### INPUT DATA
★ ★ ★ ★ ★
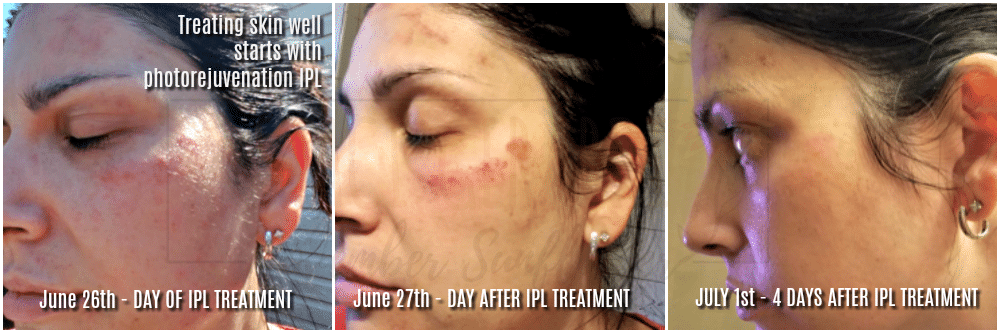 Treating skin well starts with photorejuvenation IPL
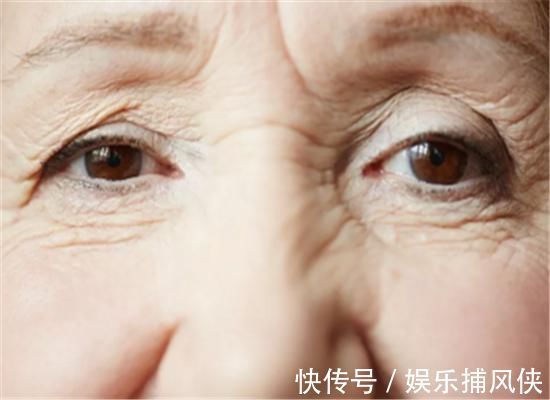 视力|“糖尿病”多是拖出来的,身体“3处”出现反常,可能血糖已高!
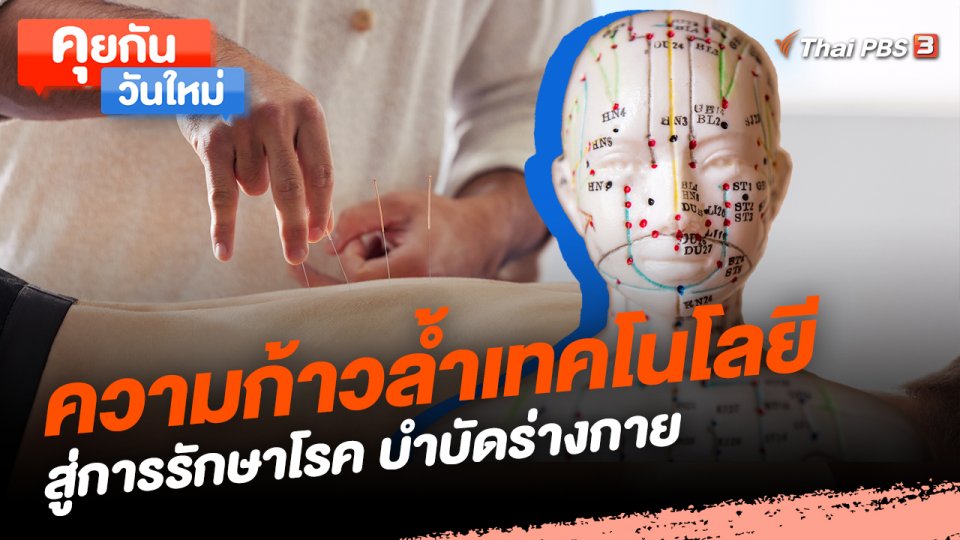คุยกันวันใหม่ : ความก้าวล้ำเทคโนโลยี สู่การรักษาโรค บำบัดร่างกาย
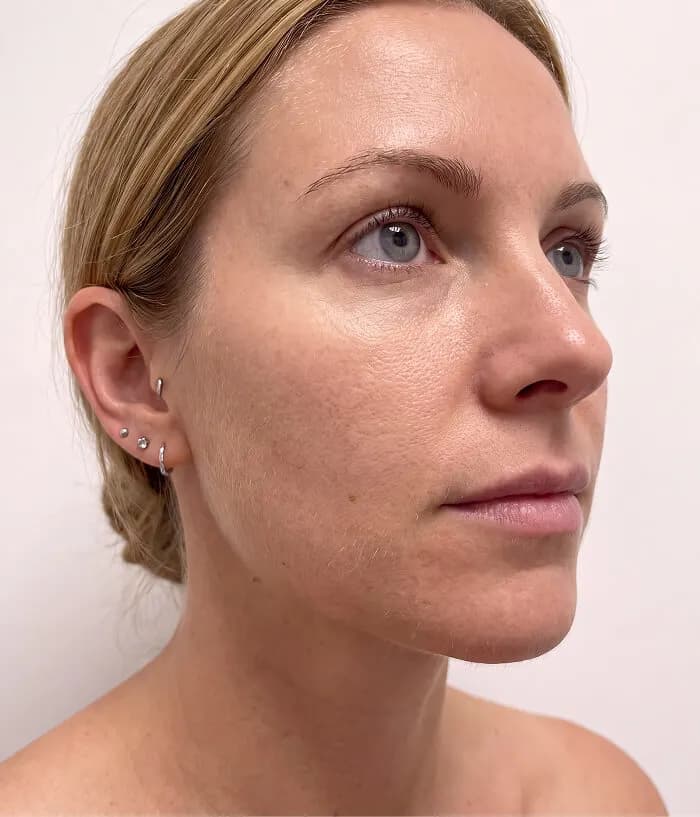 Verified patient — BodyMatched before and after, plumper skin, fewer neck lines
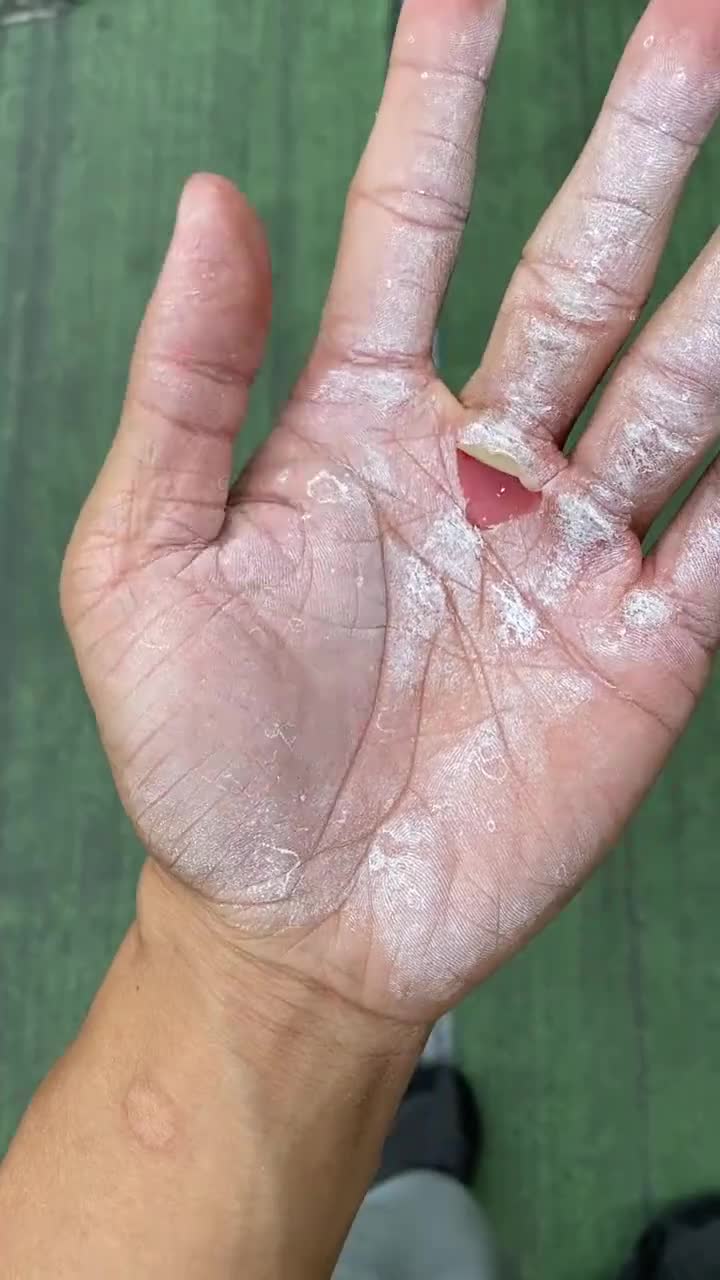 奥运冠军的手人生没有捷径背后的努力只有自己知道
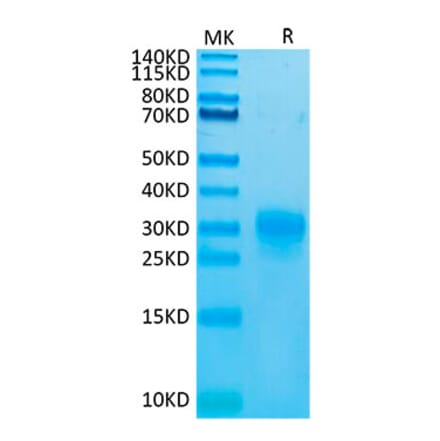 Tris-Bis PAGE - Recombinant Human TSLP Protein (Biotin) (C-terminal His and Avi Tag) (A331386) - Antibodies.com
★ ★ ★ ★ ★
Each line of the material needs to be given again exactly, without any of its pictures.

### EXPECTED ANSWER
 Treating skin well starts with photorejuvenation IPL
 视力|“糖尿病”多是拖出来的,身体“3处”出现反常,可能血糖已高!
คุยกันวันใหม่ : ความก้าวล้ำเทคโนโลยี สู่การรักษาโรค บำบัดร่างกาย
 Verified patient — BodyMatched before and after, plumper skin, fewer neck lines
 奥运冠军的手人生没有捷径背后的努力只有自己知道
 Tris-Bis PAGE - Recombinant Human TSLP Protein (Biotin) (C-terminal His and Avi Tag) (A331386) - Antibodies.com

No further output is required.